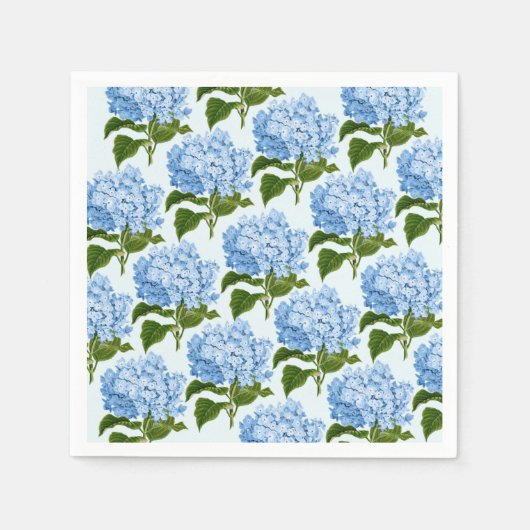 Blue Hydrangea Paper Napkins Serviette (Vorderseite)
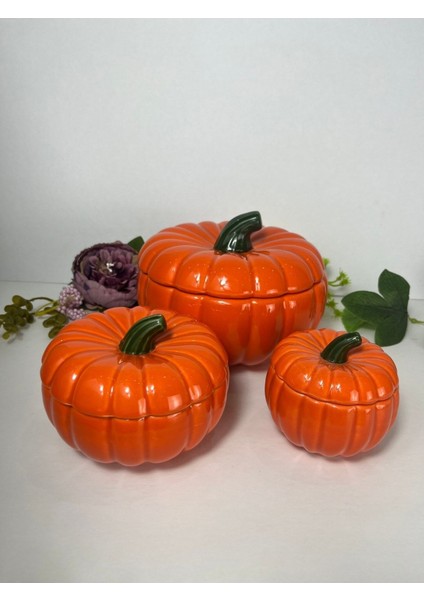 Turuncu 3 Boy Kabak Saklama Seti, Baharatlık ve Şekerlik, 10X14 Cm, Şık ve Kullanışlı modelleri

...

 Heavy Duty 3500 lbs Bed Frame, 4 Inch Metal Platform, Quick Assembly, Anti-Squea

--

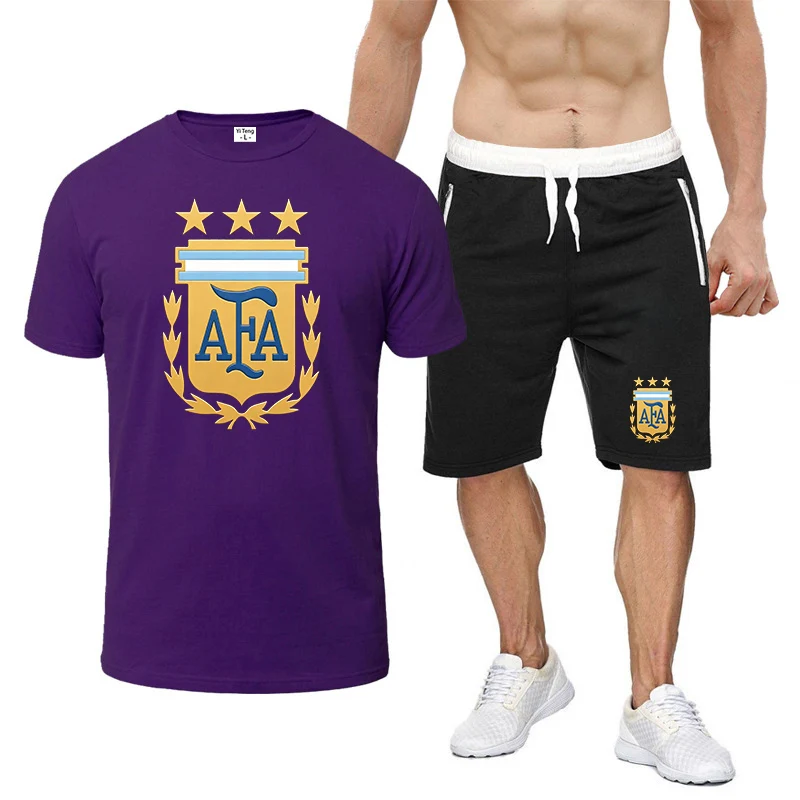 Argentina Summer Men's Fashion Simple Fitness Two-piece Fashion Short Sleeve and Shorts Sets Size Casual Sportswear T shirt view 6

- _WORK ITEM_:
The copy should hold only the lines from the one with "Blue Hydrangea Paper" through the one with "Turuncu 3 Boy", exactly as they stand above. Leave out the pictures.

- _TASK RESPONSE_:
 Blue Hydrangea Paper Napkins Serviette (Vorderseite)
 Turuncu 3 Boy Kabak Saklama Seti, Baharatlık ve Şekerlik, 10X14 Cm, Şık ve Kullanışlı modelleri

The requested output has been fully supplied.